The first thing you notice about walking around the area is just how beautiful it is.
The sun was out in a huge way the day we were there, and as soon as we got out of the car, the warm breeze and delightful smell immediately put me at ease.
The natural beauty of the area is so overpowering that it’s actually really difficult to concentrate or get any work done.
You can totally see why people want to live here.
Locals will often jokingly ask if you had to show your passport as you came into the area, the implication being that you are a visitor in a foreign land and at any time, you could be deported.

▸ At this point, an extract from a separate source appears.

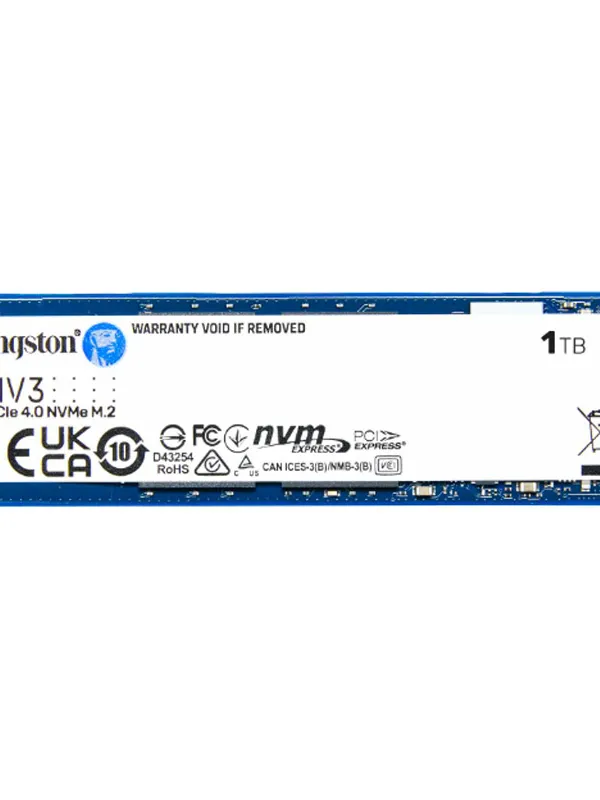 KINGSTON NV3 1TB M.2 PCIe 4.0 NVMe SSD SNV3S/1000G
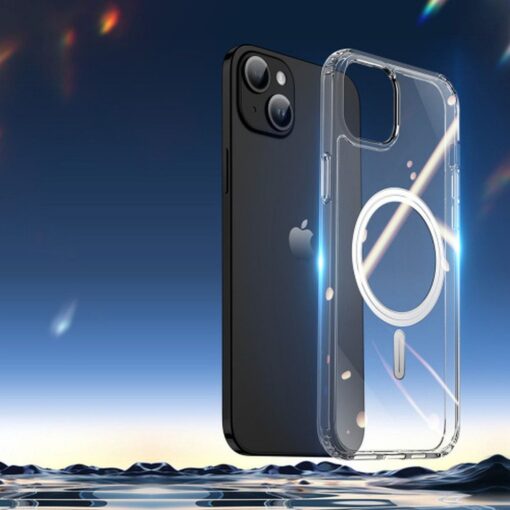 DUX DUCIS Handyhülle CLIN MAG kompatibel mit MagSafe für IPHONE 15 Plus transparent – Bild 5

The local member, Scott Morrison, will be the immigration minister if the coalition wins government and there’s a certain inarticulate irony in the fact that the Liberal Party’s main man on immigration hails from an area famous for a xenophobic race riot.
But once you start talking to people in Cronulla, you get the sense that the whole community is self-aware enough to understand the public’s perception of what happened, and are eager to tread lightly around delicate issues of race and immigration.
A lot of Shire-folk see themselves as remnants of the real Australia, an Australia that is slipping away in the modern age; the affable bronzed surfer keeping watch along the coast for drowning tourists to save, rugby league, barbeques, weekends at the beach, and yes, admittedly, this version of Australia is a predominantly white, Anglo-Saxon Australia.
But their feelings are explicitly culturally motivated, not racially motivated, as if everyone had to attend a well meaning but ultimately confusing "ethnicity in the workplace" seminar about five years ago and they’re pretty sure this is what they’re supposed to say.
I was struck with how left-leaning a lot of the younger people we spoke to were.
When they weren’t proudly disinterested, the majority of young people we spoke to were swayed along ideological lines because of issues of gay marriage and asylum seekers to ally themselves with the ALP and The Greens.
Obviously young voters tend to be more progressive than their older counterparts, but the predominance of young progressives in traditionally conservative places like Cook suggests age trumps location in politics.
The people were friendly, the weather was great, we even sat on the beach and had a coffee.
Overall, it was lovely experience with little to no actual substance and that may well be a representative summation of the Shire.